Allies, Don’t Fail Us Again Many white people have been moved by the current movement, but how will they respond when true equality threatens their privilege?

Allies, Don’t Fail Us Again

Many white people have been moved by the current movement, but how will they respond when true equality threatens their privilege?

Craig Ruttle/Associated Press

In 1964, during what was called Freedom Summer, over 700 mostly white young liberals descended on Mississippi to help register black voters.

The attention that effort generated helped convince the powers in Washington to pass the Civil Rights Act of 1964.

In fact, white liberals were involved in many parts of the civil rights movement, in participation, organization and funding.

But the backlash was quick. A New York Times survey conducted just months after the Civil Rights Act was passed found that most white New Yorkers believed that the civil rights movement had gone too far.

Two years later, when Martin Luther King Jr. moved to Chicago to begin the Chicago Campaign to push for fair housing, he was met by vicious, violent protests from white mobs and resistance from many of the same white legislators who had supported the Civil Rights Act.

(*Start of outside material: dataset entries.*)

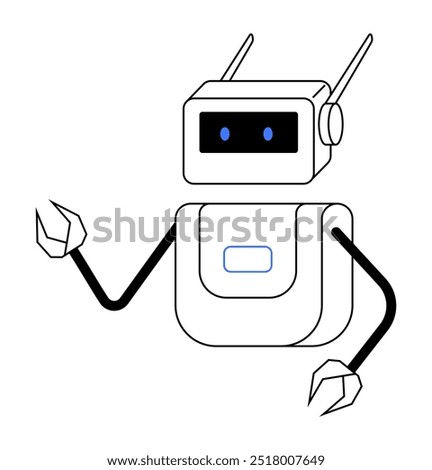 Robot with a rectangular body, antennas, and claw-like hands. Its screen displays blue eyes. Ideal for technology, robotics, AI, futuristic themes, education, and children s illustrations. Simple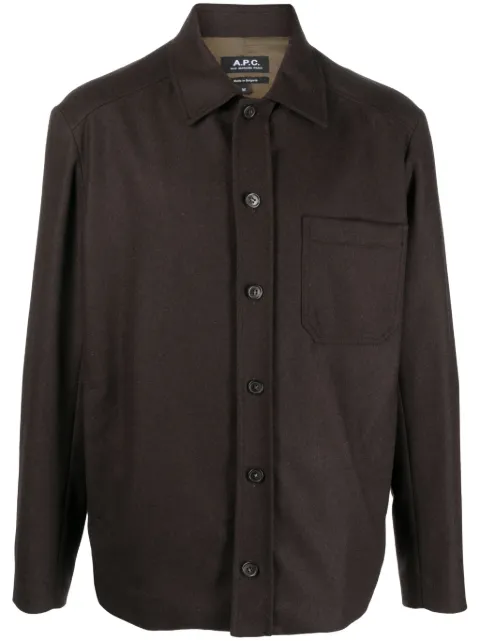 A.P.C. button-up wool-blend jacket Brown WOAPNH02871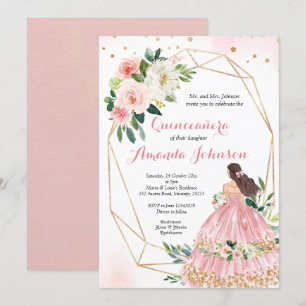 Invitación a la princesa de Rubor rosa Quinceañera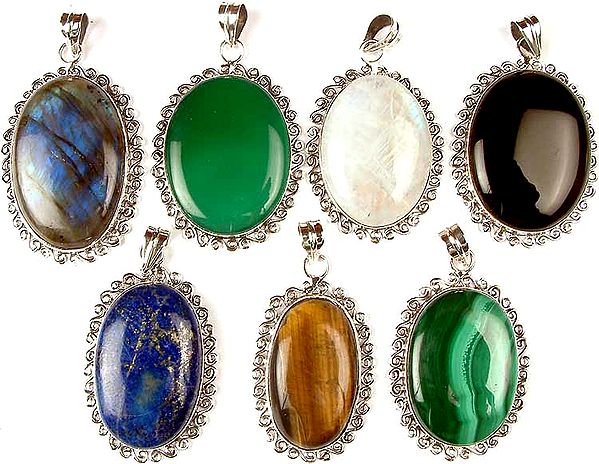 Lot of Seven Gemstone Pendants<br>(Labradorite, Green Onyx, Rainbow Moonstone, Black Onyx, Lapis Lazuli, Tiger Eye & Malachite)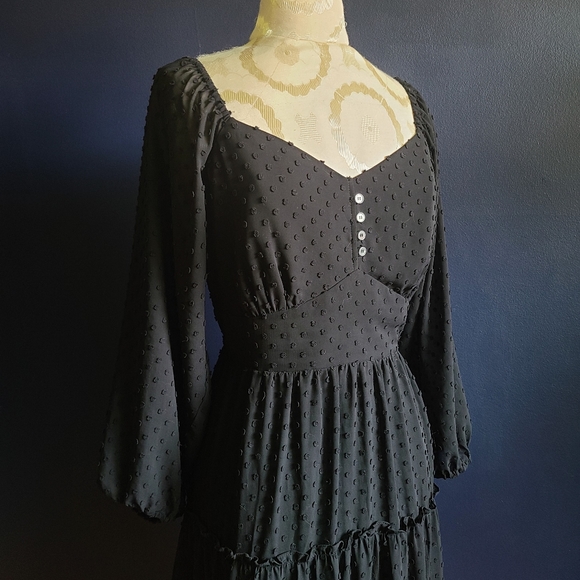 J. CREW TIERED LONG-SLEEVE MIDI DRESS IN SWISS DOT Size 12 Black - Picture 2 of 10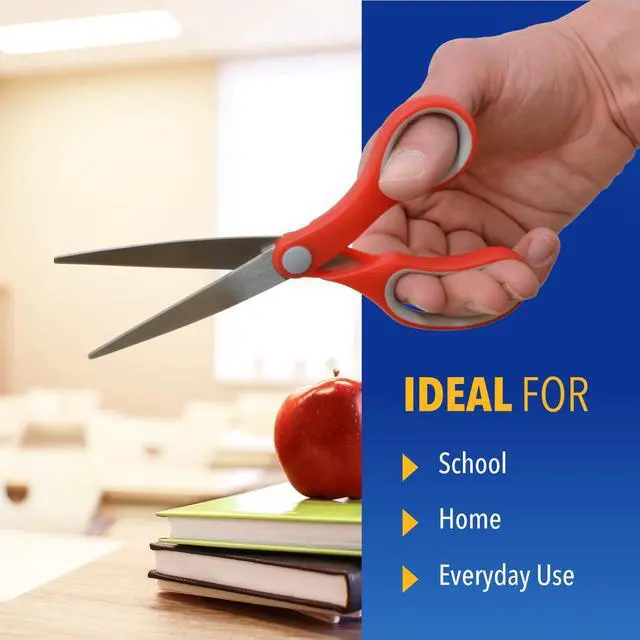 Alt view image 4 of 6 - School Scissors for Kids Ages 12 and Up - Back to School Essentials and Classroom Supplies - 7-Inch Pointed Student Scissors - for Right- or Left-Handed Use - Red/Gray - 2 Pack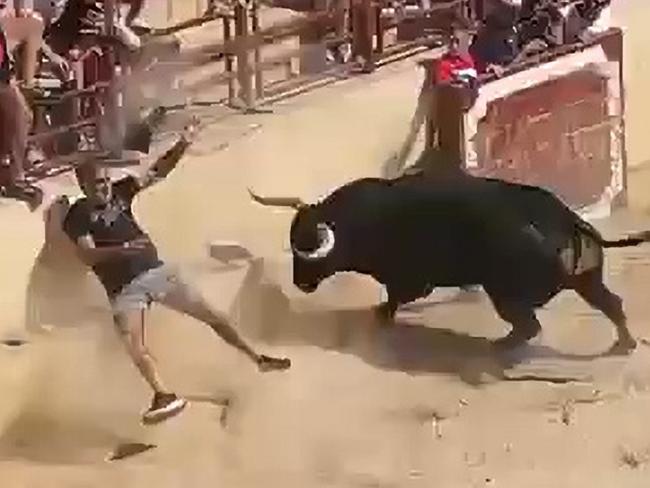 Bull gores a man several times in Litor, Albacete in Spain, Thursday, Aug. 24, 2023. He was transferred to a hospital. (CEN)  Picture: CEN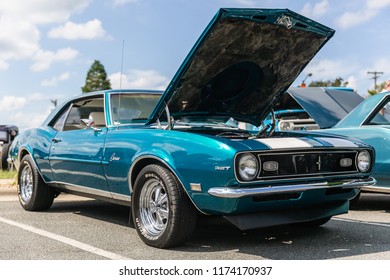 Matthews, North Carolina -  September 3, 2018: A Classic 1960s Era Chevrolet Camaro Is Parked On Display At The Matthews Auto Reunion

At one protest King was hit so hard by a rock that it knocked him to the ground. As the Chicago Tribune reported, a riot broke out that day:

“At least 30 people were injured, some by a hail of bricks and bottles accompanied by racial epithets. Some counter demonstrators were clubbed by baton-wielding police officers. More than 40 people were arrested when a crowd of whites blocked adjoining streets and cursed the police, several of whom were hurt.”

King would say after the riot, “I have seen many demonstrations in the South but I have never seen anything so hostile and so hateful as I’ve seen here today.”

In a 1967 speech at Stanford, King bemoaned:

“I’m convinced that many of the very people who supported us in the struggle in the South are not willing to go all the way now. I came to see this in a very difficult and painful way. In Chicago the last year, where I’ve lived and worked. Some of the people who came quickly to march with us in Selma and Birmingham weren’t active around Chicago. And I came to see that so many people who supported morally and even financially what we were doing in Birmingham and Selma, were really outraged against the extremist behavior of Bull Connor and Jim Clark toward Negroes, rather than believing in genuine equality for Negroes.”

Many of the white liberals who supported the movement had been moved by embarrassment, moved by images of cruelty rather than the idea of genuine, equitable inclusion.

White allies had disappointed, once again.

One of the most hopeful and heartening features of the current protests has been the images of people of all races, in this country and around the world, openly supporting anti-racism, carrying Black Lives Matter posters and using more sophisticated language in discussing the matter of state violence against black people.

The challenge here is to sustain the current sentiment and not let this version of Freedom Summer be yet another moment when allies fail.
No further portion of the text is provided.